KSAS (cu_physics=14): A scale-aware verson of NSAS. Should be run with shcu_physics = 4, the NSAS shallow scheme, which is part of the NSAS scheme. The old NSAS scheme has been moved to cu_physics = 96. (Thanks to Korea Instituted of Atmospheric Prediction Systems or KIAPS and Jihyeon Jang of NCAR).

Land-Surface Model:

Noah-MP:

Gecros crop model (Genotype-by-Environment interaction on CROp growth Simulator, Germany) is added to NoahMP and can be activated by option opt_crop = 2. (Thanks to J. Ingwersen of U. Hohenheim and M. Barlage of NCAR)
Added capability for Noah-MP to read soil composition data and use pedotransfer (PT) function to determine soil properties (opt_soil in namelist). PT function coefficients are controlled from MPTABLE. Users can add additional PT functions controlled by opt_pedo in namelist. Special version of GEOGRID.TBL and datasets added in WPS. (Thanks to M. Barlage of NCAR)
Variables for NoahMP is now in a separate registry file, registry.noahmp (Thanks to M. Barlage of NCAR)

Radiation:

RRTMK (ra_sw_physics=14, ra_lw_physics=14): A version of RRTMG improved by KIAPS: G-packed McICA was sped up without losing accuracy, and two-stream approximation (TSA) for scattering process is revised. Overall speed of the code isn't changed. (Thanks to Korea Instituted of Atmospheric Prediction Systems. Reference: Baek, S. (2017), A revised radiation package of G-packed McICA and two-stream approximation: Performance evaluation in a global weather forecasting model, J. Adv. Model. Earth Syst., 9, doi:10.1002/2017MS000994)

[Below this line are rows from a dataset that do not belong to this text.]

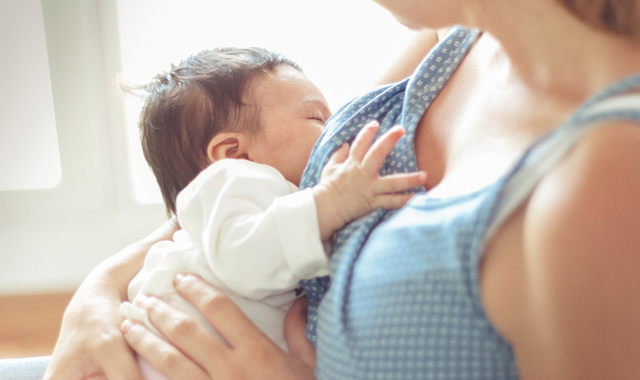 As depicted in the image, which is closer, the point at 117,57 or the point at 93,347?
the point at 93,347

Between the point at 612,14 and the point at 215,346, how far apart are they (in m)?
0.68

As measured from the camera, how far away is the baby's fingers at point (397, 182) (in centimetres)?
75

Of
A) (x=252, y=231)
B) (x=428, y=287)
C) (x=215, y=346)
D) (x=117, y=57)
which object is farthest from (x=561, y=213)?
(x=117, y=57)

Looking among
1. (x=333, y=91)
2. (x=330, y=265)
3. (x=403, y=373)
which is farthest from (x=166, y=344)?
(x=333, y=91)

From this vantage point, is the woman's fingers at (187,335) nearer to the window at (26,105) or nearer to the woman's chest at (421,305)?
the woman's chest at (421,305)

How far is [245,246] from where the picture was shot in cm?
79

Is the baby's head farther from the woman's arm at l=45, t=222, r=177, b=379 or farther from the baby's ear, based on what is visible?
the woman's arm at l=45, t=222, r=177, b=379

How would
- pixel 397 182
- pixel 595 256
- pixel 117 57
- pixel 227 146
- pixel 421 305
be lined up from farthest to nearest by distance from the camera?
pixel 117 57 → pixel 227 146 → pixel 397 182 → pixel 421 305 → pixel 595 256

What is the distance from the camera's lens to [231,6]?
214 cm

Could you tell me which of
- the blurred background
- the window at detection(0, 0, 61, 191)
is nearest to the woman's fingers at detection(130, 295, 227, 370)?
the blurred background

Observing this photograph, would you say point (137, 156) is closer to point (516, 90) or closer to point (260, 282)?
point (260, 282)

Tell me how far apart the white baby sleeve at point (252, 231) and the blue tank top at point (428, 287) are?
0.21 ft

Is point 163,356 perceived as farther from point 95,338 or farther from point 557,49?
point 557,49

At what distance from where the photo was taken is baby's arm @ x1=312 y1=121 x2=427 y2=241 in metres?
0.76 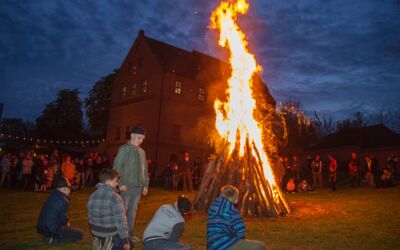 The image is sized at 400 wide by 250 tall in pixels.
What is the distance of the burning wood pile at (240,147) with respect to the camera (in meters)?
11.0

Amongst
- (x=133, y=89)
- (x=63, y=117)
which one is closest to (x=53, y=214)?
(x=133, y=89)

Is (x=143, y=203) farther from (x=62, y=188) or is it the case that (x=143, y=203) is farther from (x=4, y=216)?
(x=62, y=188)

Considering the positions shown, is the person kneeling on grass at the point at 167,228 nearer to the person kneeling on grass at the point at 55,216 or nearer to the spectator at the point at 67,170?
the person kneeling on grass at the point at 55,216

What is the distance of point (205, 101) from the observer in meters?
37.7

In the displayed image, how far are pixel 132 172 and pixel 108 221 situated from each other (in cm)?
162

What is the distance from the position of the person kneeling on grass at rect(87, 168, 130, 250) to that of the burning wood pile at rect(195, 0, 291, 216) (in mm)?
6051

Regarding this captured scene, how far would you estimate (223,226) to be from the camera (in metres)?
5.00

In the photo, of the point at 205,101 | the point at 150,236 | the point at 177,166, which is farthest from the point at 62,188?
the point at 205,101

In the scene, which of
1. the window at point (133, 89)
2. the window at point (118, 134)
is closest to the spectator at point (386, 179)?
the window at point (133, 89)

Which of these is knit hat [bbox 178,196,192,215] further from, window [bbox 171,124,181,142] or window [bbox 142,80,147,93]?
window [bbox 142,80,147,93]

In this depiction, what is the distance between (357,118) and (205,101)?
29731mm

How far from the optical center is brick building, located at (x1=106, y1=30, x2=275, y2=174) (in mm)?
34156

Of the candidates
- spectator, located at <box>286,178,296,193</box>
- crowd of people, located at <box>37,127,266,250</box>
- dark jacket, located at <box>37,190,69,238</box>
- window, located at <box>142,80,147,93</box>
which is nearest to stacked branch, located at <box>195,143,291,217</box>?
dark jacket, located at <box>37,190,69,238</box>

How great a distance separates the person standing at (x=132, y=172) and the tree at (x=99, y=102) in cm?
3883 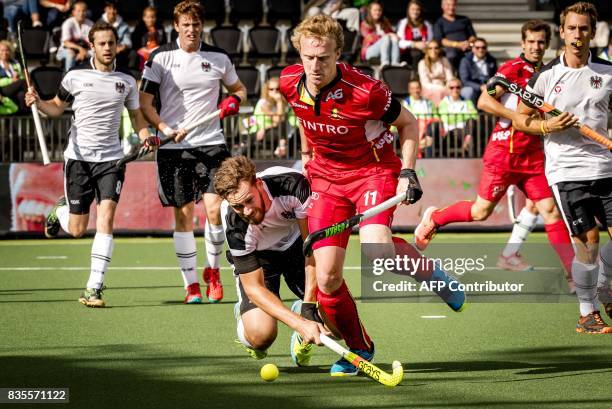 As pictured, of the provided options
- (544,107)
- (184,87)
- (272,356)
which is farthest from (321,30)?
(184,87)

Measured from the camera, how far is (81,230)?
8.62 meters

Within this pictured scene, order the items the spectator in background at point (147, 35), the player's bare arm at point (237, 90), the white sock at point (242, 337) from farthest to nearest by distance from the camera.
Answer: the spectator in background at point (147, 35)
the player's bare arm at point (237, 90)
the white sock at point (242, 337)

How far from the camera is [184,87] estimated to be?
851 cm

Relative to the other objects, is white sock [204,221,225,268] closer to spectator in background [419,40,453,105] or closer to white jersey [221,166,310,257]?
white jersey [221,166,310,257]

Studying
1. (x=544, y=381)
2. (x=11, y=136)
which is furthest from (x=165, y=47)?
(x=11, y=136)

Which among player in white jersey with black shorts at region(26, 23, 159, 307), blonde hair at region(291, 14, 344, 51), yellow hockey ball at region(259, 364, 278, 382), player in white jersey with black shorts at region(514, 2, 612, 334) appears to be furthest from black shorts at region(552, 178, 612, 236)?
player in white jersey with black shorts at region(26, 23, 159, 307)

Improvements and Bug fixes:

Physics:

RAP/HRRR Physics: (Thanks to Joe Olson, Tanya Smirnova, and others at GSD/NOAA)

MYNN PBL (bl_pbl_physics=5) and MYNN surface layer (sf_sfclay_physics=5):

(a) Enhancement of mass-flux scheme, tweak of mixing length and stratus component of subgrid clouds. Changed default option to EDMF and mixing length option 2.
(b) SPP fixes: SPP turned off for subgrid cloud decay; and missing height information for length scale is added.
(c) MYNN surface layer: Changed 2 m exchange coefficient calculation which affects 2-m diagnostics, but not model solution;
(d) Switched to use THv for TH* calculation to be consistent with RIB calculation and further relaxed some limits on PSIT, PSIX, and UST following Jimenez et al. (2012). Small impact. Using Li et al. (2010, BLM) for RIB -> z/L mapping. Changed default z0,zt,zq over water to be COARE 3.0 (was 3.5 in v3.9).

RUC LSM (sf_surface_physics = 3):

(a) Changed empirical formulation of frozen precipitation density to match better observed snow accumulation on the ground;
(b) Applied snow "mosaic" approach only when temperature at the first atmospheric level is above 271K. This change prevents from two warm skin temperature over shallow snow;
(c) Modified 2-m diagnostics of temp and mixing ratio to not use 'flux' method.

Microphysics

NSSL scheme: (Thanks to Ted Mansell of NSSL)

Added a new default ice crystal fall speed formula (icefallopt = 3), which has faster speeds for small ice particles. The main effect is on anvil clouds to help them settle a bit faster. The old behavior can be recovered with icefallopt=1;
Added an option to change ice crystal and snow fall speeds by an arbitrary factor, but default factors are 1.0 (no impact with default settings);
Added a calculation of reflectivity-weighted snow fall speed instead of using mass-weighted (for size-sorting limiter);
Added a check for large supersaturation w.r.t. liquid at ice-only temperatures and nucleate/condense if needed;
Added option to limit accretion of droplets smaller than "exwmindiam" by setting a "reserve value" that is excluded from accretion so that a minimum value of mass and number remains. (Default is no limit, i.e., exwmindiam = 0.0 );
Added two options for rime density on graupel/hail (irimdenopt). Default is original Heymsfield and Pflaum formula. Extra options are for Cober and List (1993) and Macklin;
Added a rime density calculation for rain accreted by graupel instead of always assuming high density;
Added a calculation of a separate rate for number of rain drops produced by snow melting rather than using the snow number loss rate;
Separated rain-ice freezing from flag ifrzg, and is now controlled by ifiacrg (no impact -- for sensitivity study only)
Snow aggregation coefficient set back to 1.0 (increases aggregation rate);
Made consistent use of dtpinv to replace divisions by dtp (no impact).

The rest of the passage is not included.